- _WHAT THIS TASK INVOLVES_: With any pictures left out, restate word for word the lines in the listing below from the one holding "Illustration of a" through the last.

- _DATASET EXCERPT_:
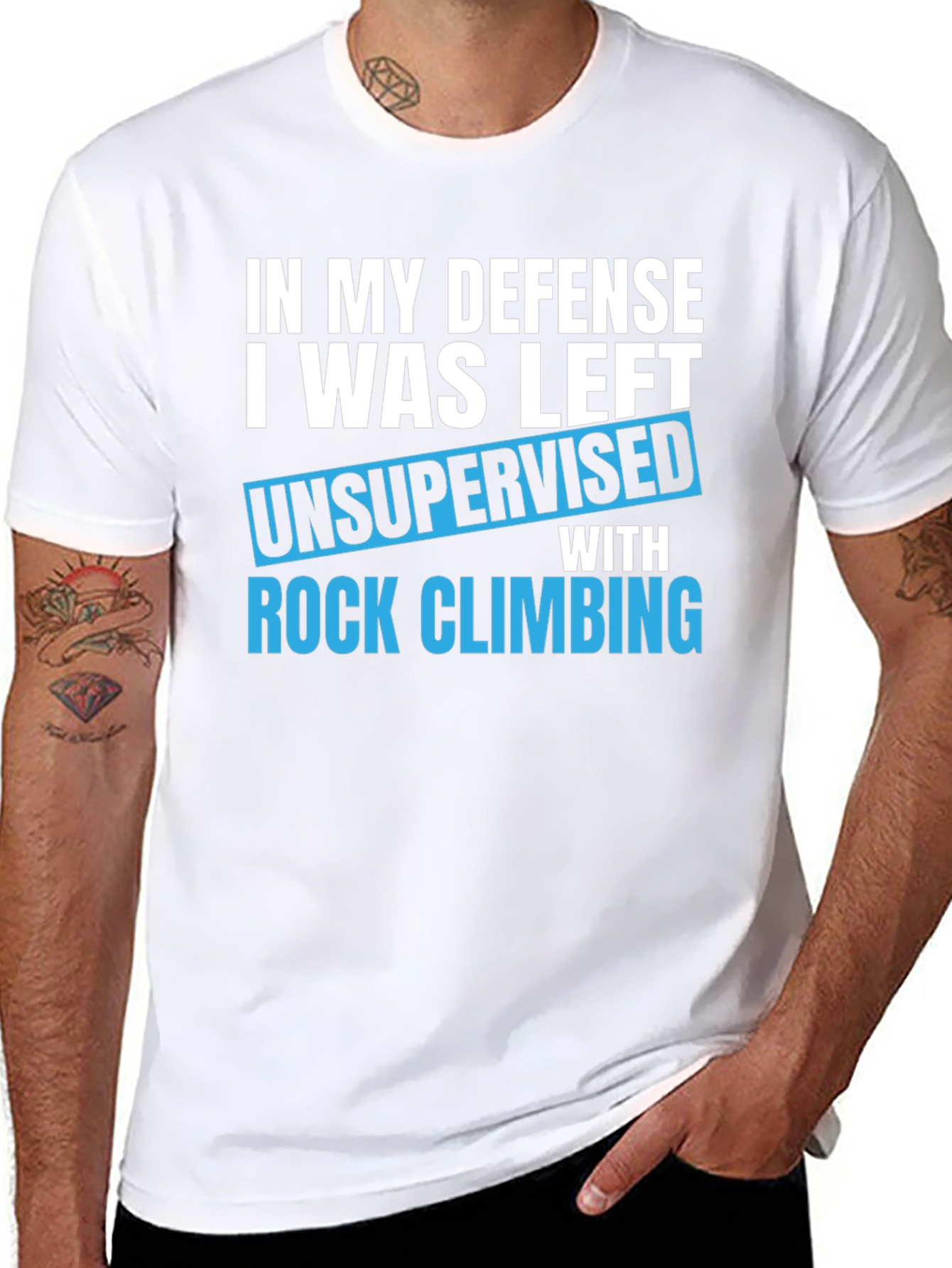 Black Funny Rock Climbing T-Shirt - Unsupervised Defense view 8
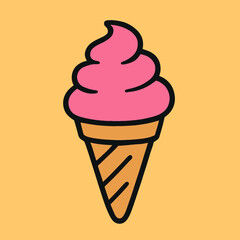 Illustration of a delightful ice cream cone illustration featuring a pink scoop of ice cream, perfect for adding a touch of sweetness to any design, isolated on white background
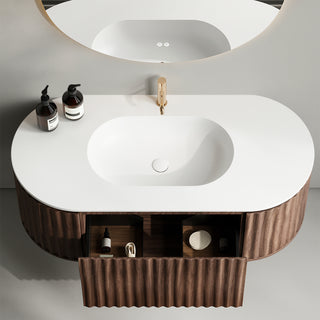 Meuble-lavabo Andorra 48 po en noyer courbé et cannelé - Comptoir blanc mat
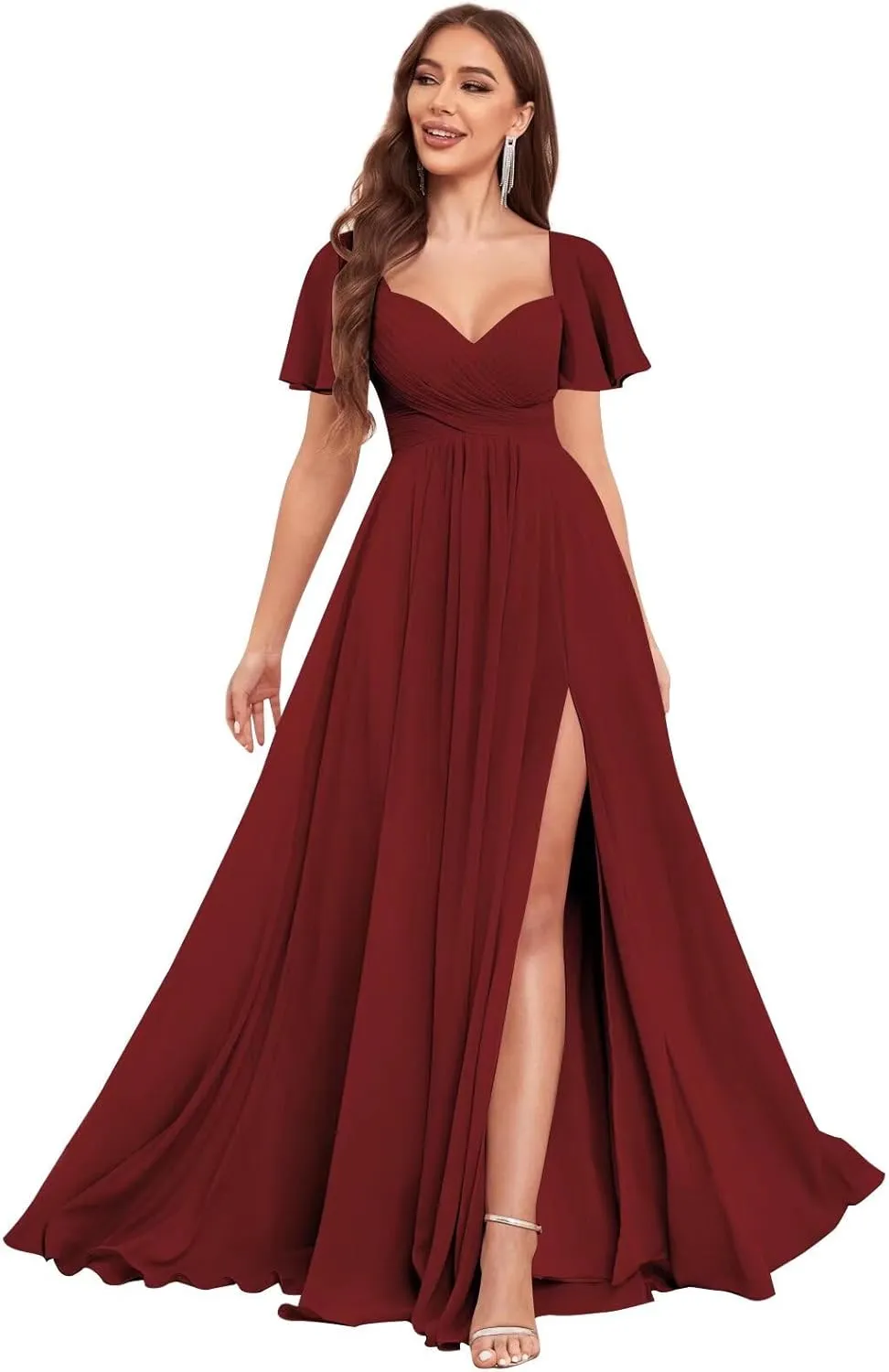 VCCICANY Chiffon Bridesmaid Dresses for Women Flutter Sleeve Pleated V Neck Long Formal Evening Gowns with Slit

- _EXERCISE RESPONSE_:
 Illustration of a delightful ice cream cone illustration featuring a pink scoop of ice cream, perfect for adding a touch of sweetness to any design, isolated on white background
 Meuble-lavabo Andorra 48 po en noyer courbé et cannelé - Comptoir blanc mat
 VCCICANY Chiffon Bridesmaid Dresses for Women Flutter Sleeve Pleated V Neck Long Formal Evening Gowns with Slit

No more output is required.